Ma nature se révèle. L’action peut naître. Séparée de moi, étrangère, inattendue.
Lorsque je peints, ma vie ne se conçoit plus en termes d’organisation de la pensée mais en termes de perceptions simultanées.
En osmose avec les éléments et l’environnement !
Je perçois une capacité de comprendre avec mon corps ce que le monde veut habituellement comprendre avec sa tête.
J’ai l’impression d’absorber le monde, je deviens pole d’énergie, ou, entre le ciel et la terre, les choses se transforment.
Pouvoir n’être qu’un court instant une perception et la traduire, retrouver peut-être la simplicité d’un enfant, la reconnaissance d’une origine.
La peinture deviendra pour moi le moyen de me sauvegarder.
LA GRAINE
La graine, 1992. Plâtre, 273 x 127 cm. Collection Ville d’Istres, France. Photographie Jérôme Aubanel, Roanne.
C’est une sculpture en plâtre de 2,73 sur 1,27m.

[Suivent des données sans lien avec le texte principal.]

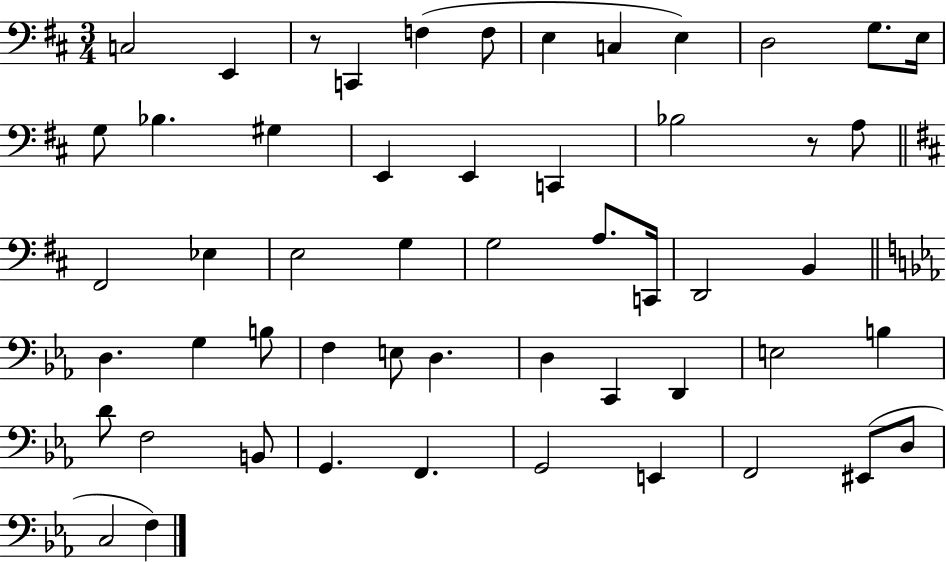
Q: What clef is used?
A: bass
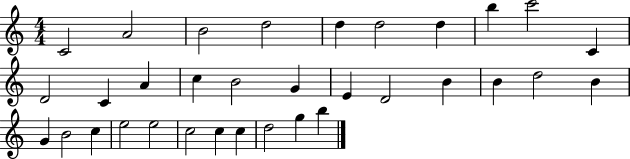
X:1
T:Untitled
M:4/4
L:1/4
K:C
C2 A2 B2 d2 d d2 d b c'2 C D2 C A c B2 G E D2 B B d2 B G B2 c e2 e2 c2 c c d2 g b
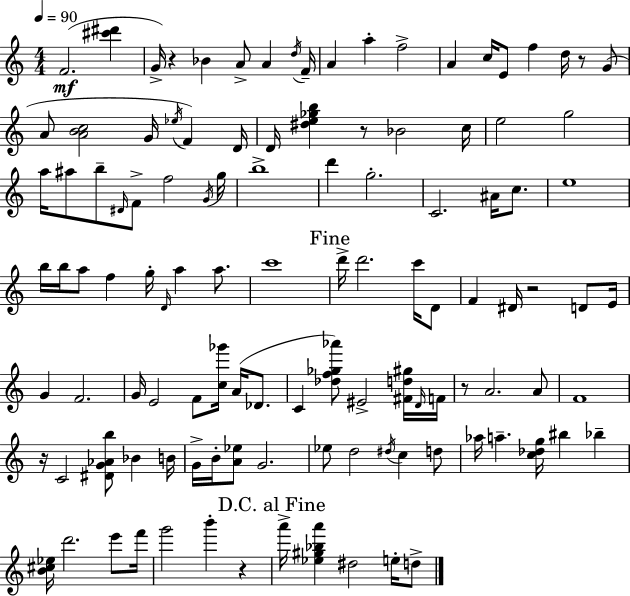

Inspiré par l’écologie dans la religion, j’ai créé un Saint Joseph.
La toge, Marie,
La graine : l’enfant Jésus
Le bâton : relation ciel et terre.
Sur le socle, un monticule de terre pour symboliser le cycle des saisons. ( relation ciel et terre = passage des énergies).
Par la graine, je comprends le Christ en soi, la résurrection, la multiplication des pains. Enfin je comprends mieux avec le cycle annuel végétal ….
LA MOISSON
Dans la prolongation de ce sujet, j’ai travaillé sur le thème de la moisson.
La permanence de la question est : l’Art c’est quoi ? Et Braque de répondre : l’Art c’est la vie !
Je crois qu’aucun système dogmatique ne peut totalement la contenir, et pourtant, toutes les civilisations et toutes les cultures, malgré leurs tabous peuvent nous enrichir et nous faire comprendre ce qui leur est contradictoire.
La moisson, la graine, la fibre, le tissu et la trame, Le cordage, la tresse, la ceinture. Ces éléments universels m’ont servi de réflexion, de base, ma boite à outil !!
L’utilisation première à notre survie, notre vie !! Ce qui a fait que ce monde est le nôtre, que nous l’utilisons toujours. Une façon de rendre hommage, de rendre la mémoire de ce qui est essentiel. Un moyen de m’éloigner de mon ego.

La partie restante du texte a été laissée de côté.